10月6日,国务院组成了山西娄烦尖山铁矿“8·1”特别重大排土场垮塌事故调查组,对这起当初被披露为仅“造成11人死亡的山体滑坡事故”进行调查,以彻查事故中有没有瞒报谎报的行为。这起事故之所以出现了从“自然灾害”变为“重大责任事故”如此巨大的逆转,源自于《瞭望东方周刊》记者孙春龙在其博客上发表了举报信《致山西省代省长王君一封信》。
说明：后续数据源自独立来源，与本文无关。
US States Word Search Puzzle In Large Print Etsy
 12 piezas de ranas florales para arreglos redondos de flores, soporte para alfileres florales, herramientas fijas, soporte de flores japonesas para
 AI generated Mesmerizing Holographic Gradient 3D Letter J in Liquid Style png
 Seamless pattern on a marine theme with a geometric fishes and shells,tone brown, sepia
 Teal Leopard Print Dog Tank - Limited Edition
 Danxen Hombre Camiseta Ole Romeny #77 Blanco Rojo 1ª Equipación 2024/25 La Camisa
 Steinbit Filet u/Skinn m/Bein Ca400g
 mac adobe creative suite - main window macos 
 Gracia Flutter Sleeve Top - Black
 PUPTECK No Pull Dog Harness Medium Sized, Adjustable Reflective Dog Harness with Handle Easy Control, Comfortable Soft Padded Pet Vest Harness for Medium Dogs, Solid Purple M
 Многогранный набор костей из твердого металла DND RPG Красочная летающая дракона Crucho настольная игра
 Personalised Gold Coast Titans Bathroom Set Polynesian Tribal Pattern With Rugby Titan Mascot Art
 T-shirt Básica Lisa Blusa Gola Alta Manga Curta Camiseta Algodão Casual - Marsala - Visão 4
9月17日,温家宝总理和国务委员马凯对此事作出重要批示,要求对“9·8”特别重大尾矿库溃坝事故进行核查。
除了极个别的记者勇于挑起道义的责任外,我们很多媒体尤其是当地媒体在事故发生之时以及之后都忽然集体失声,这不能不说令人匪夷所思。而当我看到简光洲那隐晦的话语时,却不得不同情记者的生存处境。在所有的重特大
事故当中,不是记者不清楚事情的来龙去脉,也不是记者不想对新闻敏感事件进行报道,更不是记者没有那份道义与责任,而是我们的主管部门没有赋予记者这份权力,中国的媒体在官商勾结与层级之间心照不宣的“组织性”欺骗中求举步维艰,因为提起利益天平的总是掌握在拥有权利的那只手中,所以地方媒体总是层级之间界限分明,每个层级都担当了某个局部利益的“传声筒”。为什么孙春龙不能成为媒体英雄,那只是因为他站在比简光洲更高层次的利益与位置上,代表了更高层次的声音,而勿庸置疑,简光洲确实要承担起更大的心理压力,而不仅如此,还有与简光洲处于同一条战壕中的媒体,更是英雄!其实,让真相坦白不仅仅只是依靠技术层面的进步,最主要的还是整个社会要营造一个风正气清的环境,社会的发展进步如果单靠科技发展的步伐,而弃置人文本身的修养与造化,那么整个社会的养生环境将慢慢会侵蚀与蜕变,当真相揭露之时,我们很多媒体都在津津乐道先进的技术如博客与论坛担当了“行侠仗义”责任的同时,却并没有使整个社会的欺骗性有所减弱,譬如,《瞭望东方周刊》记者孙春龙和特约撰稿人王晓发表的《娄烦:被拖延的真相》,文章发表后,被很多网站转载,但所有转载文章的网页都打不开了,而三鹿奶粉事件也有很多人认为百度利用技术对事件真相进行了掩饰。事件最后真相大白即使网络多少起到了推波助澜的作用,但归根结底还是领导的重视,否则,一切的披露手段如果没有最后的那个“重视”,还是会落到空处。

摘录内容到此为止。